Подстановочный перевод
Существующее деление переводов на подстрочные, вольные, адекватные и т. д. характеризует их с точки зрения результатов. Для характеристики с точки зрения метода его выполнения, т. е. отношения исполнителя к своей деятельности, можно ввести деление на два главных типа. Один назовем воспроизведением
Существенная разница заключается в отношении к «обязательным» элементам текста. Предположим, Пастернак переводит трагедию «Гамлет» Шекспира. Он мог бы пользоваться не обязательно чистыми листами бумаги, а такими, где заранее расставлены номера актов и явлений, точки, восклицательные и вопросительные знаки и в соответствующих местах этого бланка имена, названия местностей и многие слова, как смерть, яд, череп, корабль, письмо, актеры, зеркало. В любом, включая самый лучший перевод приблизительно на тех же местах будут стоять в основном те же знаки препинания, имена и слова перечисленного типа. Можно заранее назвать в какой-то степени вообще все слова будущего перевода, например задав списком синонимические ряды. На бумаге это сделать уже труднее, но представить себе можно очень хорошо. К настоящему времени имеется около полусотни русских переводов «Гамлета» будут делаться новые, но мы уверенно можем предложить любому их будущему автору заранее подготовленный бланк. Пусть он будет тем гениальным поэтом, о котором мечтает В. Левик в статье «Нужны ли новые переводы Шекспира?»[107]

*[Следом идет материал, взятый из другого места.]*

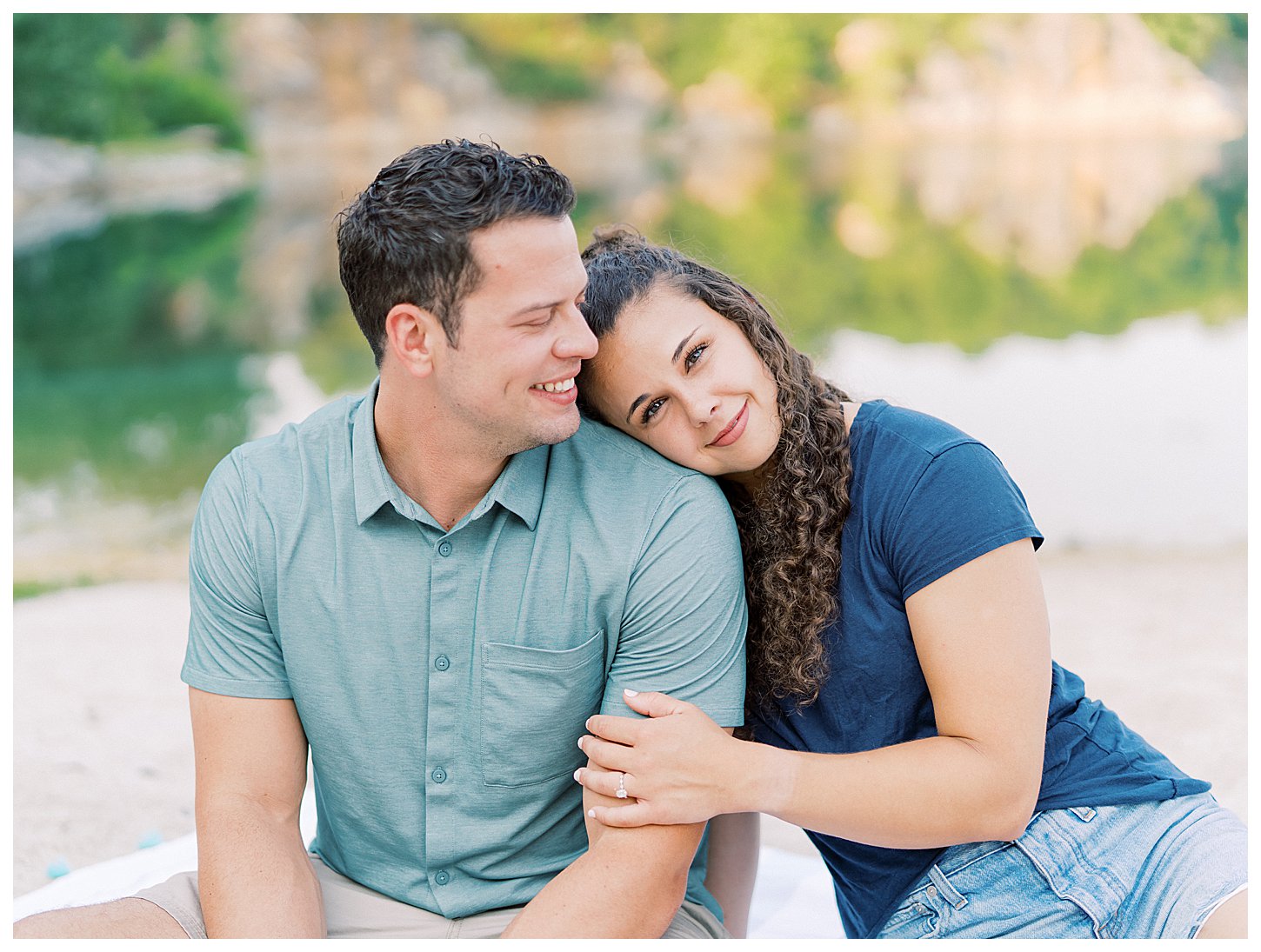 Oahu Hawaii Engagement Photographer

, всё равно он никуда от обязательного элемента не уйдет, и его работа так или иначе будет представлять собой заполнение пропусков на нашем воображаемом бланке. Он сможет начать заполнение лакун с конца или с середины текста, как реально и делают многие переводчики стихов, или вообще откуда угодно. Лишь в редких случаях он сможет убрать или добавить точку, слово, едва ли имя от себя, но ясно, что качество перевода будет зависеть не от этих добавлений или изъятий. Мы никак не можем сказать, что чем вольнее будут обращаться с нашим бланком, тем лучше окажется результат. О степени сохранности жестких элементов можно судить о том, каков жанр перевода. При большой сохранности мы приближаемся к подстрочнику, при малой к вольному переложению. О ценности труда и даже о том, каким из двух методов он выполнялся, это еще ничего не говорит.